In the Field: Tracking seismic clues in one of the driest places on Earth

researcher bends over using rock hammer with desert in background

UW doctoral student Tamara Aránguiz-Rago collects rock samples on the hills next to a fault in Chile’s Atacama Desert for a pilot study in September 2022. This month she will collect more data to try to reconstruct the history of the formation of these mountains.Emma Heitmann/University of Washington

Unlike the Pacific Northwest, the Atacama Desert in Chile experiences very little rain. But the two regions are both seismically active. Faults in the Atacama Desert are slowly sliding past each other in a way similar to the Seattle Fault in Puget Sound and the San Andreas Fault in California. The Atacama Desert’s lack of rain makes it easier to see how those gradual movements shape the landscape over time.

Alison Duvall, a University of Washington associate professor of Earth and space sciences, and doctoral student Tamara Aránguiz-Rago will travel to Chile this month to study landscapes developed along these types of faults. Duvall has previously studied historic landslides at the site of the rainfall-triggered Oso mudslide and how rainfall, earthquake and landslide risks combine in Oregon.

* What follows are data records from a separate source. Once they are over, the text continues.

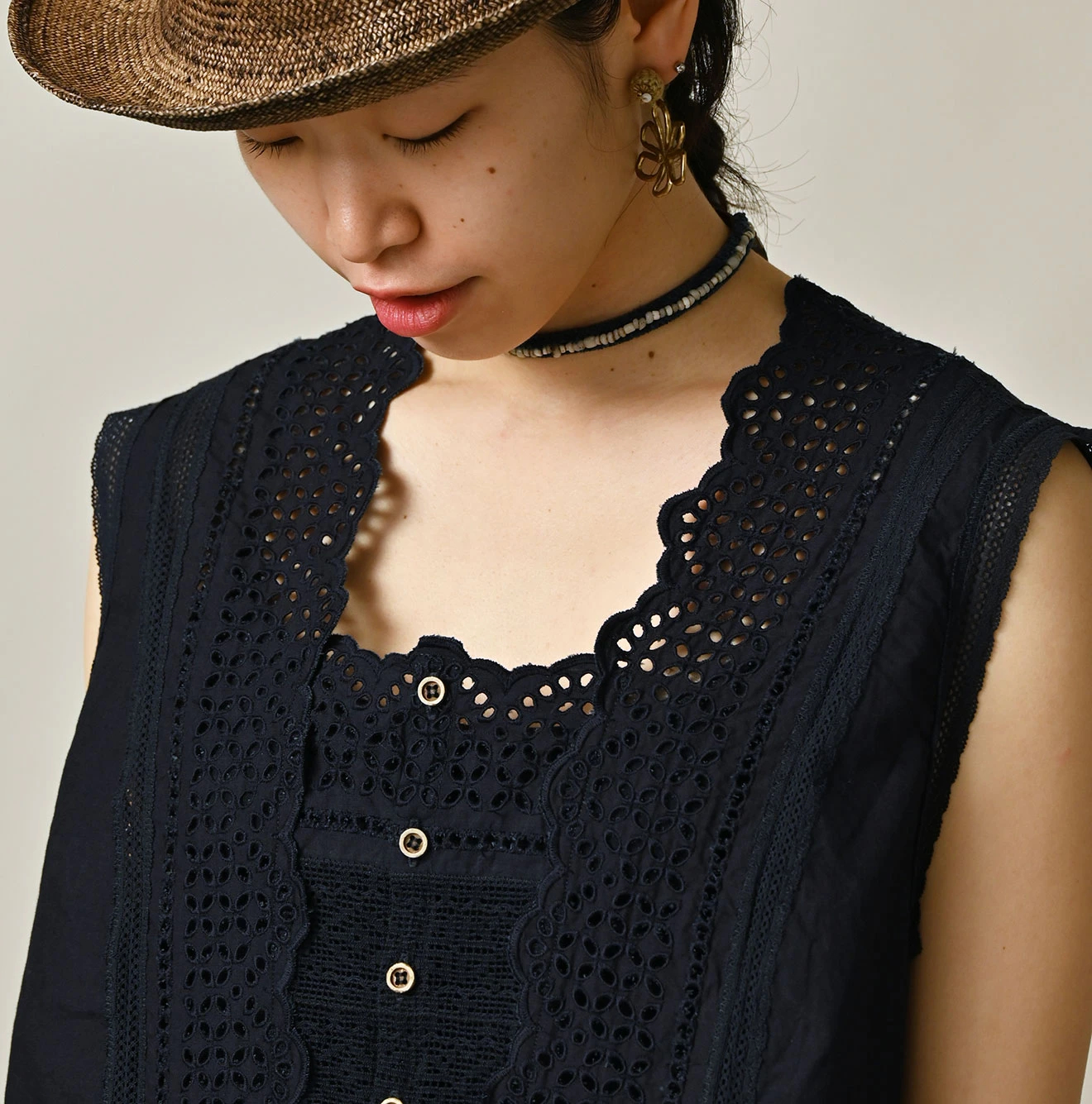 45R(フォーティファイブアール) |バチストカットワークのノースリーブトップ（インディゴ）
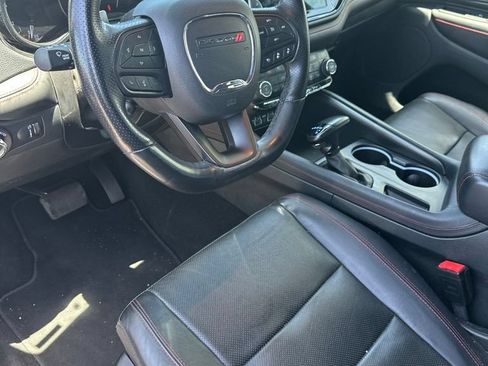 Used 2024 Dodge Durango GT RWD image 2
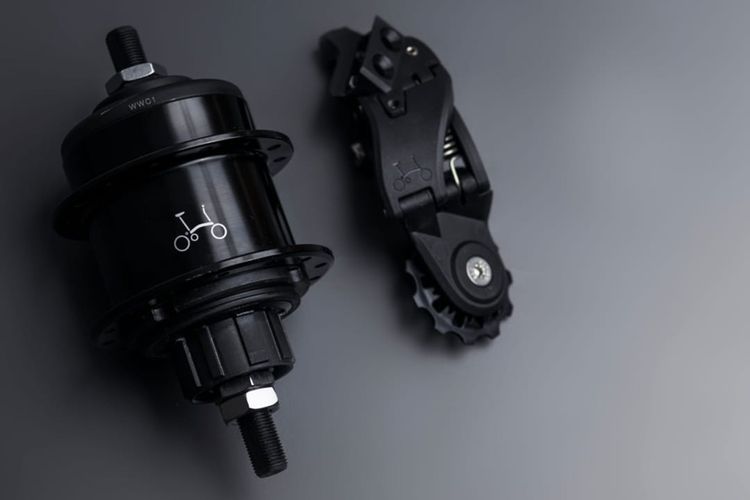 Sistem gir 12 percepatan pada Brompton T Line memberikan lebih banyak pilihan gir dan jangkauan lebih luas bagi pengendaranya, dengan tetap memertahankan desain kompak.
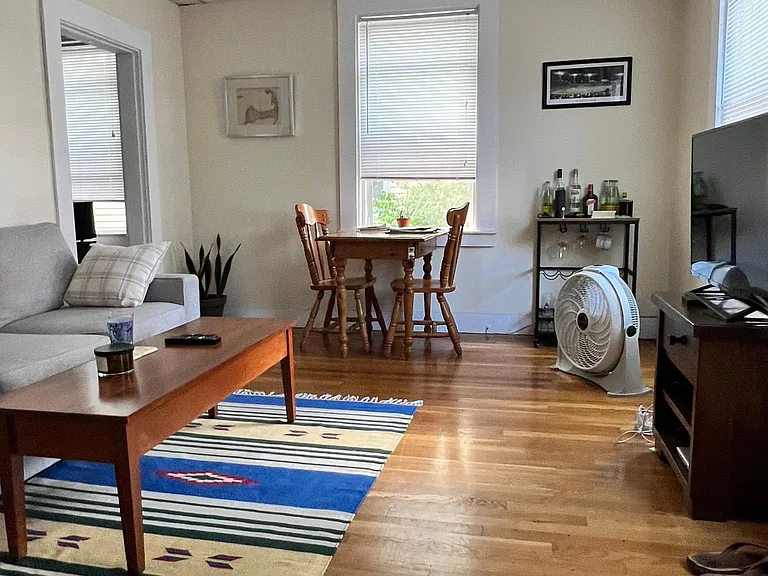 140 Hampshire St #1 — Photo 6
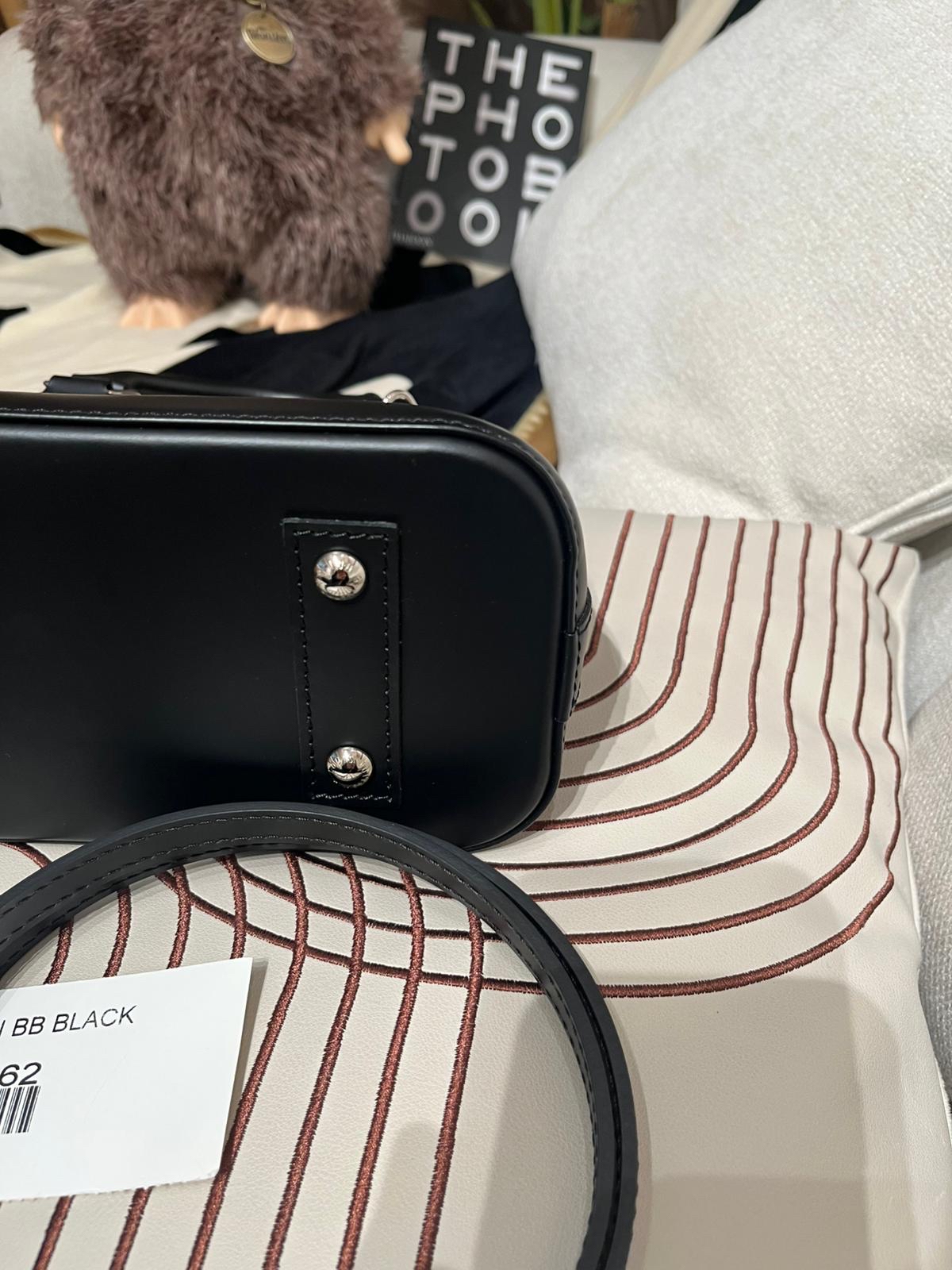 Lv Alma bb epi leather 黑色牛皮 100%Authentic ,98%new ✅key lockpad✅strap✅Dust bag 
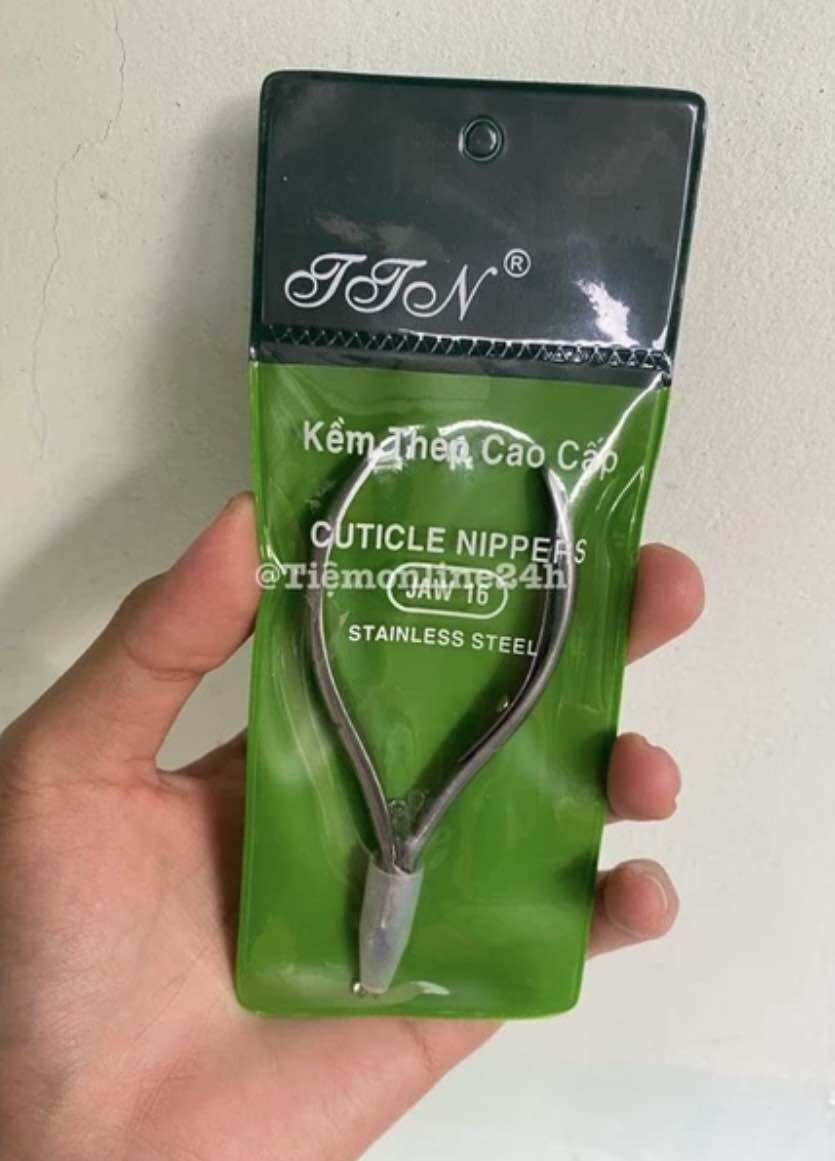 Kiềm cắt da màu trắng bạc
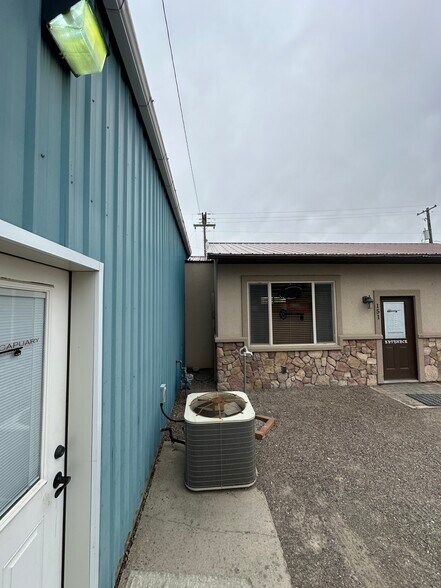 More Photos Of 151 Highway 30, Kimberly Self Storage For Lease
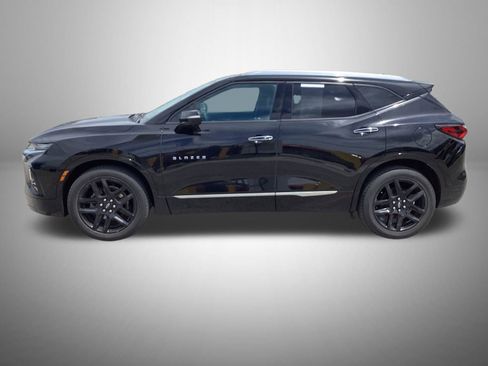 Used 2021 Chevrolet Blazer Premier w/ Driver Confidence II Package AWD/4WD image 2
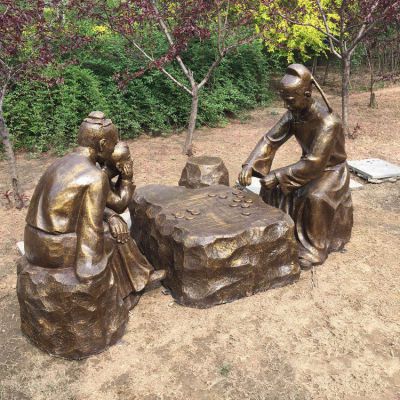 公園情景人物雕塑景觀，下象棋的古代人物銅雕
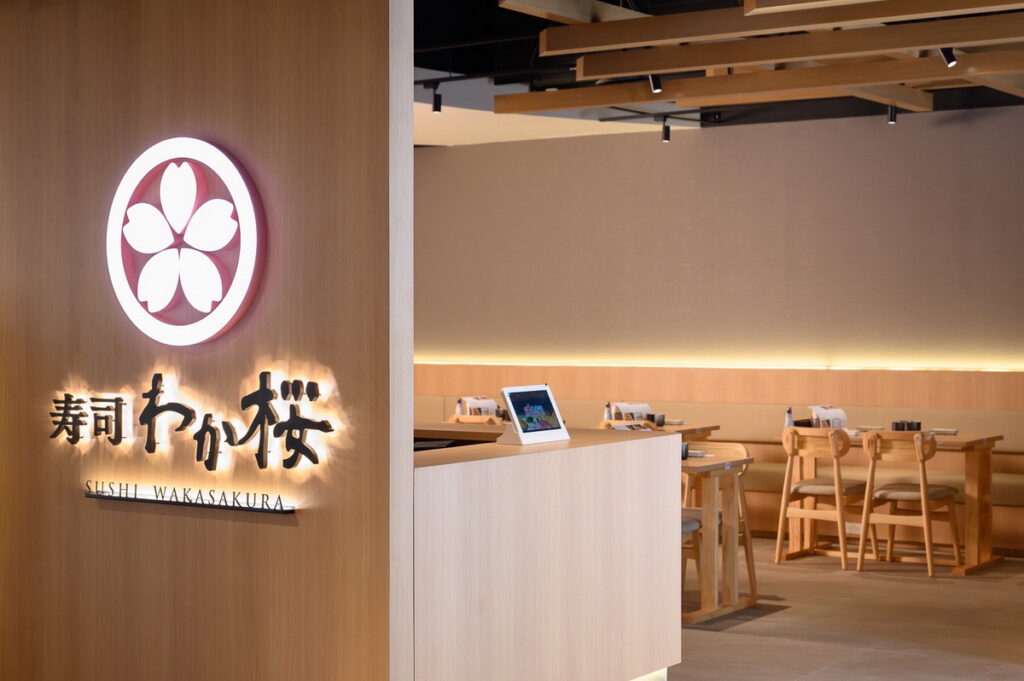 打造日系禪風用餐環境,全店室內外通透明亮,透過大量木作、溫款燈飾、櫻花造景,細膩刻劃和風質感;店內提供120席座位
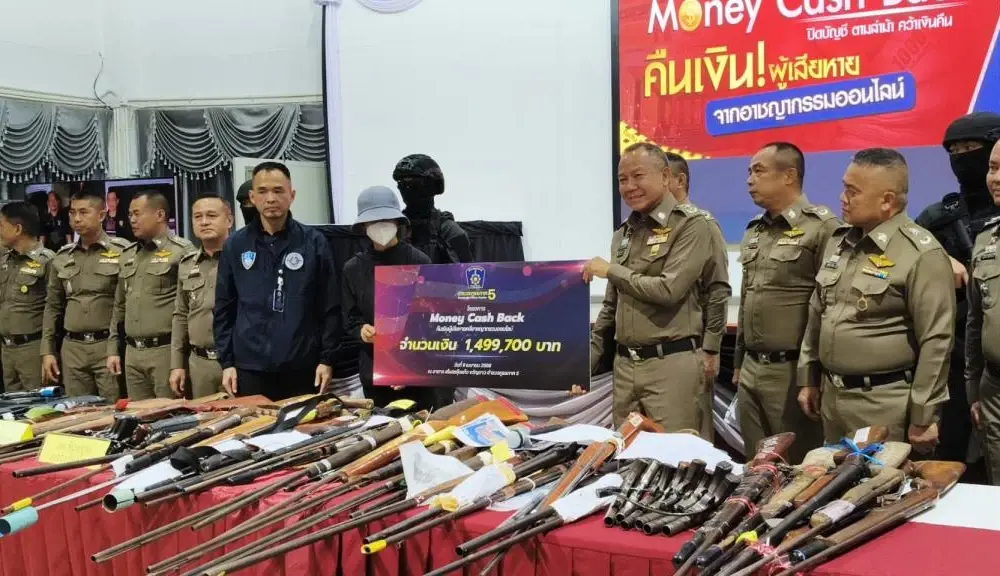 ตำรวจยึดอาวุธปืนผิดกฎหมายกว่า 640 กระบอกในภาคเหนือของประเทศไทย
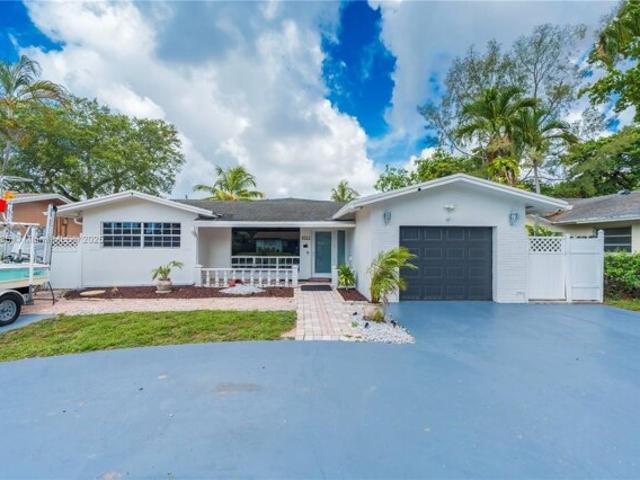 House for sale in Dania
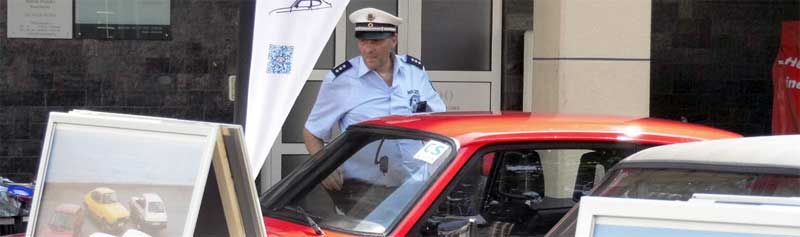 Polizeiliches Interesse. Polizeiliches Interesse.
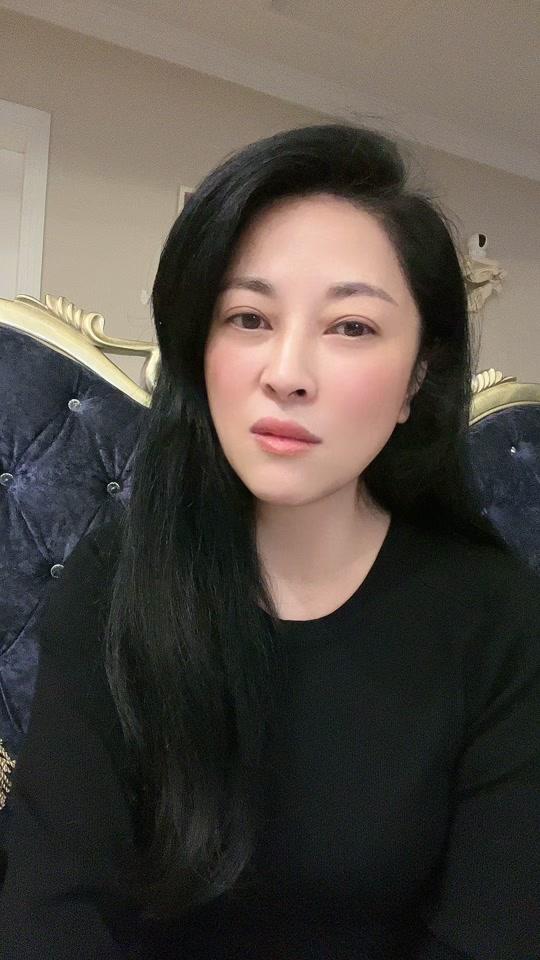 飞行员嘉佳_飞行员嘉佳个人资料_飞行员嘉佳直播间_18183kol_18183网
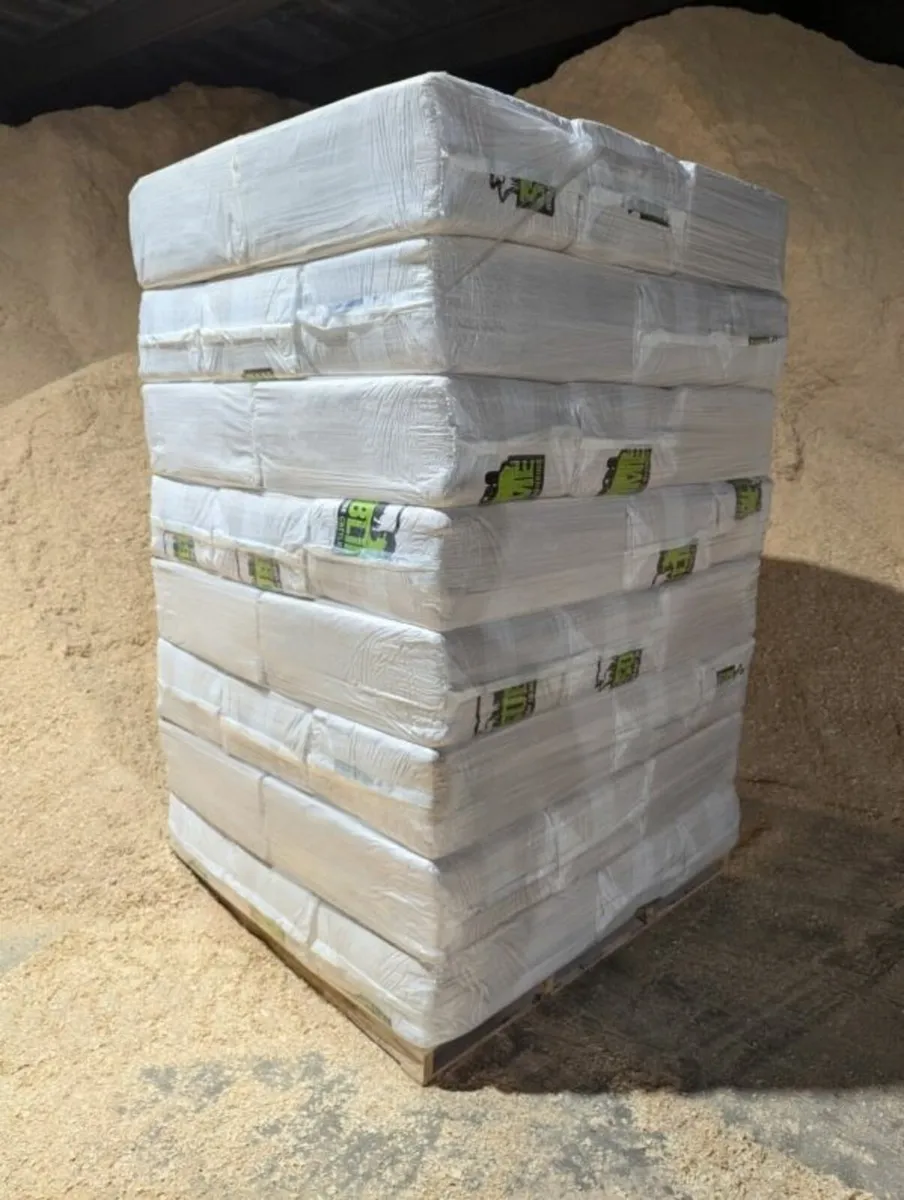 Artic's of Baled Kiln Dried Sawdust and Sublime - Image 2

UW News asked the two geophysicists about their upcoming trip as part of a new series, “In the Field,” highlighting UW field research.

Where are you going, and when?

Tamara Aránguiz-Rago: We will visit the Salar Grande, in the hyper-arid, or dry, core of the Atacama Desert in Northern Chile. The Salar is a dry lakebed that contains economic resources, in the form of salt, that is extracted from the basin and then exported around the world. We’ll be there Nov. 19-25.